As much as Georgia is the poster child for political cesspools, let’s not forget that gerrymandering is the invention of Massachusetts Gov. Elbridge Gerry, who created a US Representative District whose map lines resembled a salamander. We scoffed at Southern racism and then there were public school buses in Boston. Nubian Square is no longer named after Governor Dudley, who allowed slavery, but Faneuil Hall still bears the name of a slave trader.

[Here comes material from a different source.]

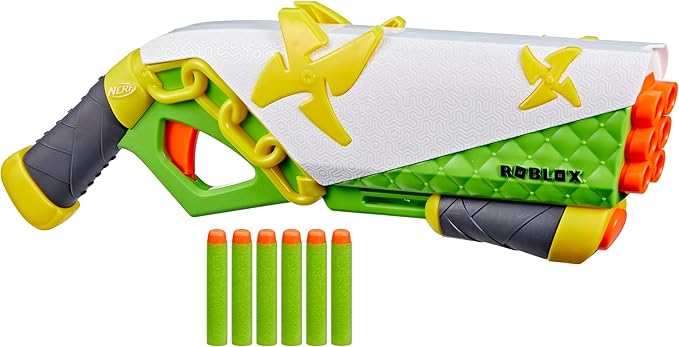 Blaster Nerf Roblox - Ninja Legends, Shadow Sensei cu 6 Proiectile Elite pentru Aventuri Interactive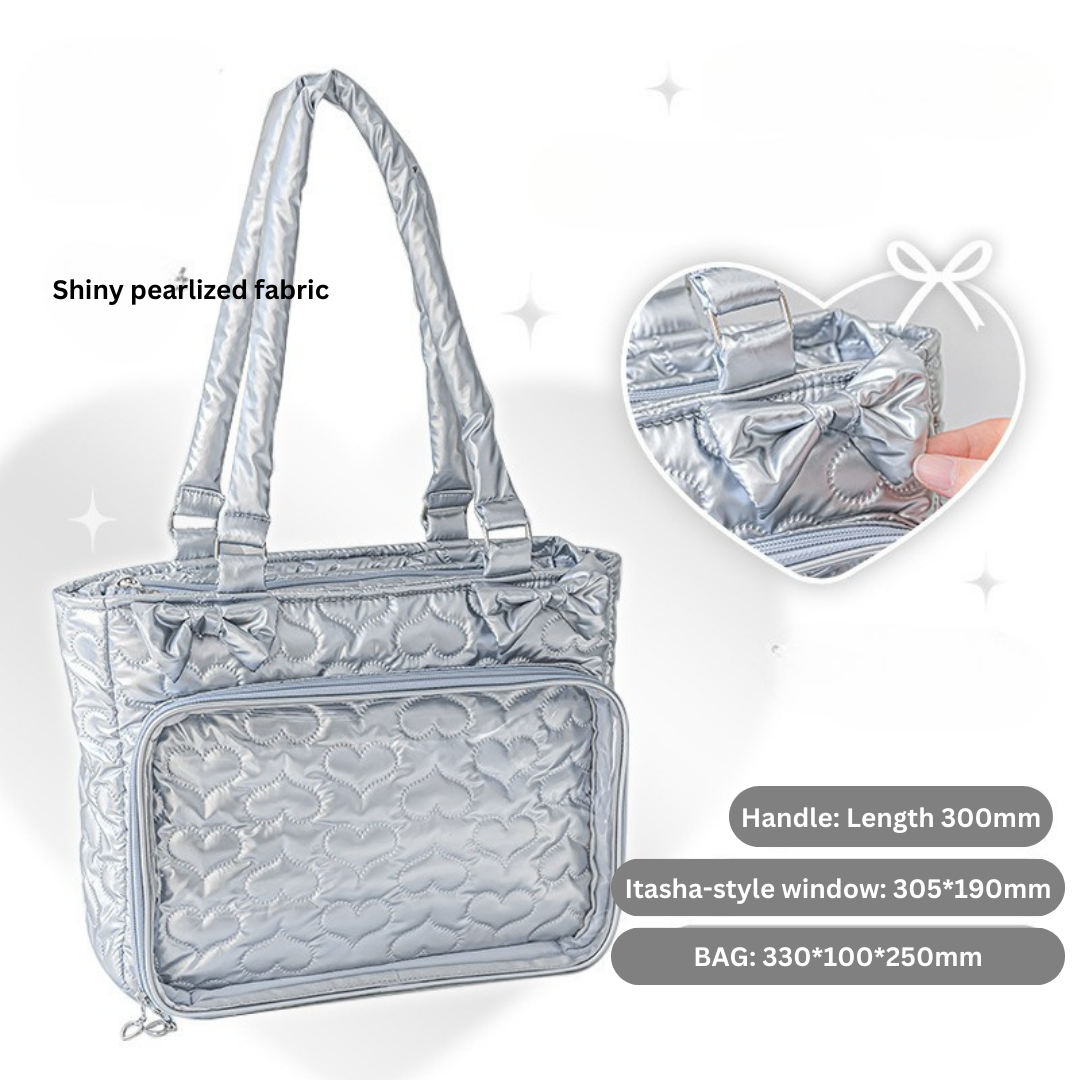Light & Soft Cotton Shoulder Bag with Transparent Window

Massachusetts ranks 47th out of 50 for transparency and openness, according to a report card issued by Open States, a project of the Sunlight Foundation. For example, our House of Representatives remains opaque, not giving its members or the public even an hour to read a bill before it is voted on. Representatives on committees can vote against a bill without their constituents knowing because committee meetings are not recorded. Party bosses and establishment officials often set up committees to kill bills. Of the 275 bills presented to the Public Safety and Homeland Security Committee in 2017-2018, only one was put to the vote. During the same period, the Joint Housing Committee sent 0 of its 165 bills to speak.

The Dems’ darling and our governor-elect was asked what would change from a Baker to a Healy administration and she replied, “The panels need to be shorter.” I voted for them and worked for them, and our community committee has them endorsed and supported, but really promised little more than shorter podiums. In 2018, Democratic State Party Chairman Gus Bickford and National Committee member James Roosevelt conspired with state college Dems (part of the state party structure) on multiple campuses in the County of Mass. O-1 and enabled the publication of homophobic lies suggesting sex transgressions by Holyoke Mayor Morse, who opposed incumbent Congressman Richie Neal. Party adviser Roosevelt himself wrote the deceptive letter. The State Committee held no one accountable.

The Massachusetts Democratic Party and National Party have developed standards that are often functionally elitist rather than working class. Harvard, Yale, and Stanford degrees are more revered than understanding truths from the perspective of the working class and poor, or the truth that only people of color can define what social justice looks like.

Black Belt Georgians, like black people in the United States, were institutionally raised to be passive and never developed an understanding of power. Power is nothing but the ability of people to act in their own interests. Democrats must start with the understanding that the anger of the working poor most often arises from being ignored, invisible, left out, overlooked, fired, and weighed down by the petty frustrations and daily humiliations of a constant struggle to just make ends meet .

Donald Trump tapped into that anger. It is not based on bitter resentment or a false sense of entitlement. Rather, it is an anger seething at life’s injustices, turning into compassion for those hurt by life. It is rooted in direct experience and held in the collective memory. Unless these facts of life are talked about on a daily basis, a one-party government will not serve Massachusetts politics. Worse, the corruption of elitism and self-righteousness could lead Massachusetts to our own corruption; in fact, cracks are already showing. Party government corruption can be as blue as red in Georgia.